Tags: #Fantástico, infantil y juvenil, romántico

La dama del arcángel: El Gremio de los Cazadores 3 (3 page)

En aquel momento, con la espalda apoyada en el frío cristal, no protestó cuando Rafael colocó las manos sobre la ventana a ambos lados de su cabeza y se inclinó hacia ella. Se limitó a deslizar los dedos desde su pecho musculoso hasta sus caderas para anclarlo al presente, a ella, mientras le preguntaba sobre una pesadilla.

—¿Si tu madre despierta lo sabrías?

—Cuando era niño —su piel estaba caliente, pero sus ojos reflejaban un tono metálico inhumano— teníamos un vínculo mental. No obstante, desapareció cuando crecí y ella se sumió en la locura. —Perdió la mirada en algún punto situado a la espalda de Elena, en aquella noche negra como el carbón.
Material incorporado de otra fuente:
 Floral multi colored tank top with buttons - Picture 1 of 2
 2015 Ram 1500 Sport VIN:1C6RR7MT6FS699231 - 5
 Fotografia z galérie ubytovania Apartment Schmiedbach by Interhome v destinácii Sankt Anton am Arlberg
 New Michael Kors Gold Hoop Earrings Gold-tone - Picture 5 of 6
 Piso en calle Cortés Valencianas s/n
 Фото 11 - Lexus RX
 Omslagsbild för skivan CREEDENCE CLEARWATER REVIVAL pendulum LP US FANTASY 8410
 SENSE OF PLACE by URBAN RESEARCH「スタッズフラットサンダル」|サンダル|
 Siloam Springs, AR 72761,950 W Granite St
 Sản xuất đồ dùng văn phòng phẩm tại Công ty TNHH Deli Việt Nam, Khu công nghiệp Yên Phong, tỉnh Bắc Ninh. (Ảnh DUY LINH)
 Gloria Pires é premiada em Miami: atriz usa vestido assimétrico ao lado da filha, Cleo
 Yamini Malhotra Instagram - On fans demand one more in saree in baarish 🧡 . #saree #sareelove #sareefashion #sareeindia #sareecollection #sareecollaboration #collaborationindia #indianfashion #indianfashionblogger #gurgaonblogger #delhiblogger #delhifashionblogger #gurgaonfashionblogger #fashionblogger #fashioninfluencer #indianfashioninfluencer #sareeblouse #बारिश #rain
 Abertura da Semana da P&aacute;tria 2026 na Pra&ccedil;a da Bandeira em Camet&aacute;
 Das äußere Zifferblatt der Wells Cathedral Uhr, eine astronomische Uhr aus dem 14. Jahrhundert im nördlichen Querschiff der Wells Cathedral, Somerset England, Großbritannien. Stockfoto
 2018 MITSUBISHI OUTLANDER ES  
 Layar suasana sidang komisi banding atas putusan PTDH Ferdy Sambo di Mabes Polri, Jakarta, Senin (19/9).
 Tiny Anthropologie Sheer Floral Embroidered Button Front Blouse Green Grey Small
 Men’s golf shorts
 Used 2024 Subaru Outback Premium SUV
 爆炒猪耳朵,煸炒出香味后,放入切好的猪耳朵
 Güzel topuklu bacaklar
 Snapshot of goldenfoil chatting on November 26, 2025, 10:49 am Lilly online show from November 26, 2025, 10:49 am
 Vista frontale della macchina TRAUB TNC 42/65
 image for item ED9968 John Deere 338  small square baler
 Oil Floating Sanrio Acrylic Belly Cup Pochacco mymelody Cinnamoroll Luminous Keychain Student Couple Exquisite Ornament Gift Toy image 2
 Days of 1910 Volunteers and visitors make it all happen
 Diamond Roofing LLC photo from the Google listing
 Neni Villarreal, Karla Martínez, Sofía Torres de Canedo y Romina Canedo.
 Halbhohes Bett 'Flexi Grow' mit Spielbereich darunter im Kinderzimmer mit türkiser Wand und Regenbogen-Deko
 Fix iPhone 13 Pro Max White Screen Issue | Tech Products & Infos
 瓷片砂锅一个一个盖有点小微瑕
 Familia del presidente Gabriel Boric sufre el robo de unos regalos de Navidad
Elena estaba acostumbrada a luchar por lo que necesitaba, por lo que deseaba. Había tenido que hacerlo para sobrevivir. Y aquello la había endurecido. Sin embargo, lo que sentía por aquel hombre, por aquel arcángel, era una necesidad más fuerte y poderosa, una necesidad que le otorgaba una perspicacia que solo como cazadora nunca habría tenido.

—Basta.

Una mirada silenciosa ribeteada de una fina capa de escarcha. Una escarcha formada por la miríada de ecos oscuros que revoloteaban en la memoria del arcángel.

—Si permites que su recuerdo destruya esto —añadió, negándose a dejarse intimidar—, que destruya lo que hay entre nosotros, dará igual que Caliane sea o no la durmiente. El daño estará hecho… y lo habrás hecho tú.

Se produjo un silencio largo y tenso, pero estaba claro que había conseguido atraer toda la atención de Rafael.

—Tú —dijo él mientras extendía las alas para impedir que viera el resto de la estancia— me manipulas.

—Yo cuido de ti —lo corrigió ella—. Igual que tú cuidaste de mí esta mañana, cuando no me dejaste responder a la llamada de mi padre. —Cuando aquello sucedió, Elena se había puesto impertinente, pero solo porque estaba preocupada. Y odiaba estar preocupada. Sobre todo por las heridas que Jeffrey Deveraux repartía con tan cruel despreocupación—. Ese es el trato, así que aprende a soportarlo.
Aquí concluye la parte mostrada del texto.